* **Task to carry out**:
Only the lines below, from the one with "美人メイド ご奉仕汁 深田えいみ 80ml" through the one with "Regressor of the", are to be written out, exactly.

* **Task input**:
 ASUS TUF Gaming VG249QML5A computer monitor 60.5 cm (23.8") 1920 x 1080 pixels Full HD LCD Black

...

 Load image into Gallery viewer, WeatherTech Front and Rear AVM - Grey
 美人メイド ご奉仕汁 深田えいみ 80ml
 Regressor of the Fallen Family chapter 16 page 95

==

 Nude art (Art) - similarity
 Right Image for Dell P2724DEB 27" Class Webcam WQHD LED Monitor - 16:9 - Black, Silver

* **Answer for this exercise**:
 美人メイド ご奉仕汁 深田えいみ 80ml
 Regressor of the Fallen Family chapter 16 page 95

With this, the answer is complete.